This undated photo taken from the Kaufman County, Texas, website shows Kaufman County District Attorney Mike McLelland. McLelland and his wife were found killed in their house, Saturday, March 30, 2013, two months after one of his assistants was gunned down near their office, authorities said. |
KAUFMAN, Texas
(AP) -- Kaufman County District Attorney Mike McLelland took no
chances after one of his assistant prosecutors was gunned down two
months ago. McLelland said he carried a gun everywhere he went and was
extra careful when answering the door at his home.
"I'm
ahead of everybody else because, basically, I'm a soldier," the 23-year
Army veteran said in an interview less than two weeks ago.
On
Saturday, he and his wife were found shot to death in their rural home
just outside the town of Forney, about 20 miles from Dallas.
While investigators gave no motive for the killings, Forney Mayor Darren Rozell said: "It appears this was not a random act."
"Everybody's a little on edge and a little shocked," he said.
The
slayings came less than two weeks after Colorado's prison chief was
shot to death at his front door, apparently by an ex-convict, and a
couple of months after Kaufman County Assistant District Attorney Mark
Hasse was killed in a parking lot a block from his courthouse office. No
arrests have been made in Hasse's slaying Jan. 31.
McLelland,
63, is the 13th prosecutor killed in the U.S. since the National
Association of District Attorneys began keeping count in the 1960s.
Sheriff
David Byrnes would not give details Sunday of how the killings unfolded
and said there was nothing to indicate for certain whether the DA's
slaying was connected to Hasse's.
El Paso
County, Colo., sheriff's spokesman Sgt. Joe Roybal said investigators
had found no evidence so far connecting the Texas killings to the
Colorado case, but added: "We're examining all possibilities."
Colorado's
corrections director, Tom Clements, was killed March 19 when he
answered the doorbell at his home outside Colorado Springs.
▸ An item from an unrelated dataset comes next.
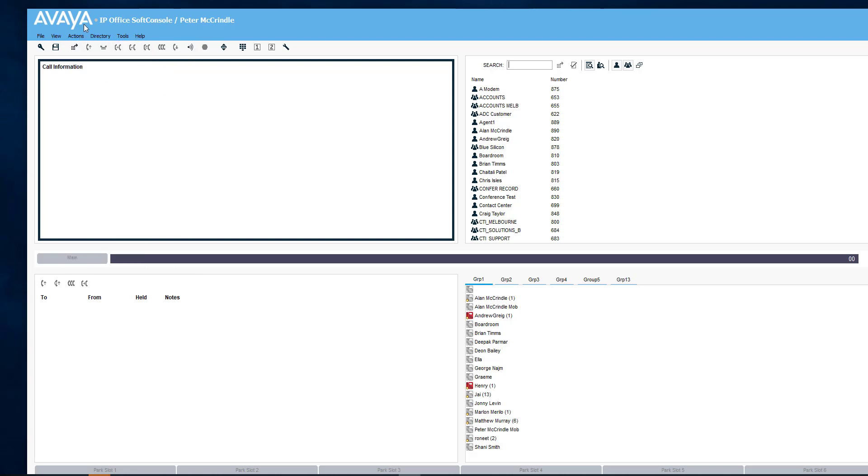The hold against feature allows the receptionist to place a call on hold against a user, and as soon as that user becomes free, the call is returned with a yellow color. Incoming calls are red, answered calls are green, and if they ever return, they come back as yellow.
Evan Spencer
Ebel, a white supremacist and former Colorado inmate suspected of
shooting Clements, died in a shootout with Texas deputies two days later
about 100 miles from Kaufman.
McLelland
himself, in an Associated Press interview shortly after the Colorado
slaying, raised the possibility that Hasse was gunned down by a white
supremacist gang.
The weekend slayings raised
concerns for prosecutors across Texas, and some were taking extra
security precautions. Byrnes said security would be increased at the
courthouse in Kaufman but declined to say if or how other prosecutors in
McLelland's office would be protected.
Harris
County District Attorney Mike Anderson said he accepted the sheriff's
offer of 24-hour security for him and his family after learning about
the slayings, mostly over concerns for his family's safety. Anderson
said also would take precautions at his Houston office, the largest one
in Texas, which has more than 270 prosecutors.
"I think district attorneys across Texas are still in a state of shock," Anderson said Sunday.
McLelland,
elected DA in 2010, said his office had prosecuted several cases
against racist gangs, who have a strong presence around Kaufman County, a
mostly rural area dotted with subdivisions, with a population of about
104,000.
"We put some real dents in the Aryan Brotherhood around here in the past year," he said.
In
recent years, the DA's office also prosecuted a case in which a justice
of the peace was found guilty of theft and burglary and another case in
which a man was convicted of killing his former girlfriend and her
10-year-old daughter.
McLelland said he
carried a gun everywhere, even to walk his dog around town, a bedroom
community for the Dallas area. He figured assassins were more likely to
try to attack him outside. He said he had warned all his employees to be
constantly on the alert.
"The people in my
line of work are going to have to get better at it," he said of dealing
with the danger, "because they're going to need it more in the future."
The
number of attacks on prosecutors, judges and senior law enforcement
officers in the U.S. has spiked in the past three years, according to
Glenn McGovern, an investigator with the Santa Clara County, Calif.,
district attorney's office who tracks such cases.
For
about a month after Hasse's slaying, sheriff's deputies were parked in
the district attorney's driveway, said Sam Rosander, a McLelland
neighbor.
The FBI and the Texas Rangers joined the investigation into the McLellands' deaths.
McLelland
and his wife, Cynthia, 65, were the parents of two daughters and three
sons. One son is a police officer in Dallas. The couple had moved into
the home a few years ago, Rozell said.
"Real friendly, became part of our community quickly," Rozell said. "They were a really pleasant, happy couple."